FUSE Enters Next Phase in Connecticut

In many communities throughout Connecticut, a diverse group of service providers, advocates, and private and public funders have partnered with the state’s CSH field office to target men and women who cycle in and out of the homeless service and corrections systems for placement in supportive housing. Sophisticated data analyses and aggressive engagement on the ground have enabled communities to reach the most vulnerable and highest cost clients and use housing-based solutions to reduce recidivism, improve individual outcomes, and increase public safety and public health.

The initiative, born from CSH’s Frequent Users Systems Engagement (FUSE), is now uniquely positioned to grow into phase two of FUSE – The CT Collaborative on Reentry (CCR). The CCR is the supportive housing component under Governor Dannel Malloy’s recently launched Second Chance Society, an initiative aimed at assisting ex-offenders re-entering society and providing opportunities for success and greater chances at employment. Governor Malloy’s Second Chance Society demonstrates a renewed commitment to reentry supportive housing by proposing an increase from 100 units to 400 units over the next several years.

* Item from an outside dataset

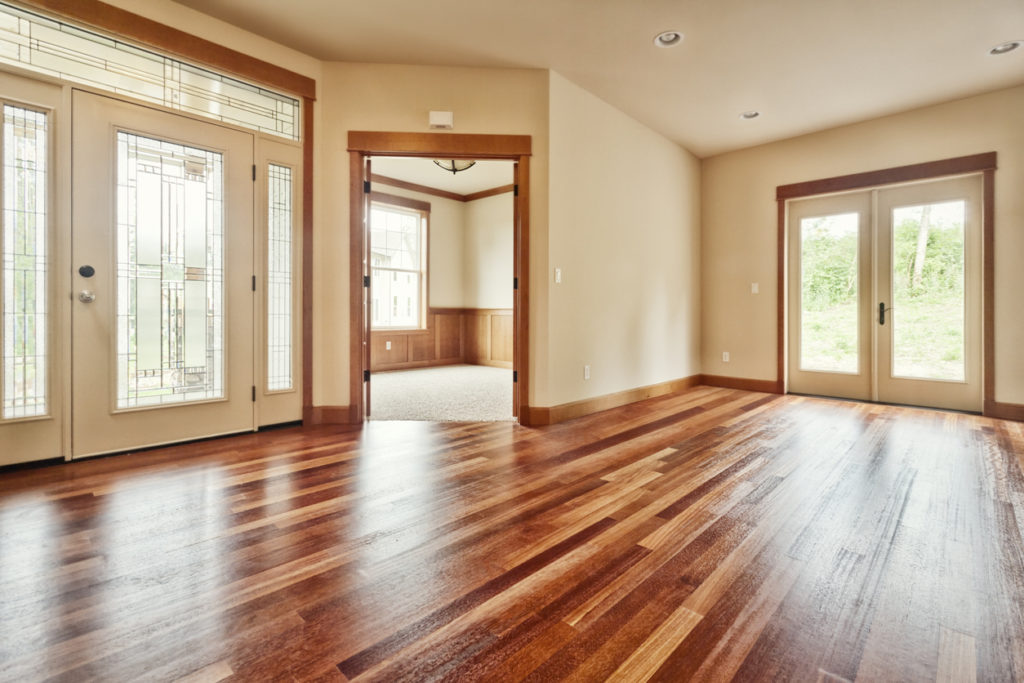 New house interior entrance hardwood floors natural light filled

State of Connecticut Photo

DOC Commissioner Scott Semple

The announcement came shortly after CSH’s Reentry Leadership Forum, where leaders from CT’s Dept. of Corrections (DOC) had opportunities to hear about innovative approaches to reentry housing from peers in Ohio, New York, and New England. The CSH field office subsequently invited newly confirmed DOC Commissioner Scott Semple to join Columbus House, the Chrysalis Center, and the Partnership for Strong Communities to tour apartments of people housed under the FUSE initiative, and to hear directly from tenants how FUSE has improved their lives.

The site visits also allowed Commissioner Semple to learn from FUSE program staff and case managers what successes and on-the-ground challenges they’ve faced in implementing FUSE. The Commissioner’s experience as a warden provides him with a strong understanding of the need to enhance engagement among offenders preparing for release and the need to acquaint or reacquaint people with programs that take partnered approaches to increasing employability and, in effect, housing stability and reduced recidivism. Equipped with an understanding of the problem, Commissioner Semple also came to the table ready to propose solutions:

  • Pursuing in-reach models that allow case managers and supervising officers to coordinate case plans during pre-release;
  • Transforming a state correctional facility into a Reintegration Center that provides those just released from prison or jail with the resources and options they need to be held accountable for their own successful reentry into the community.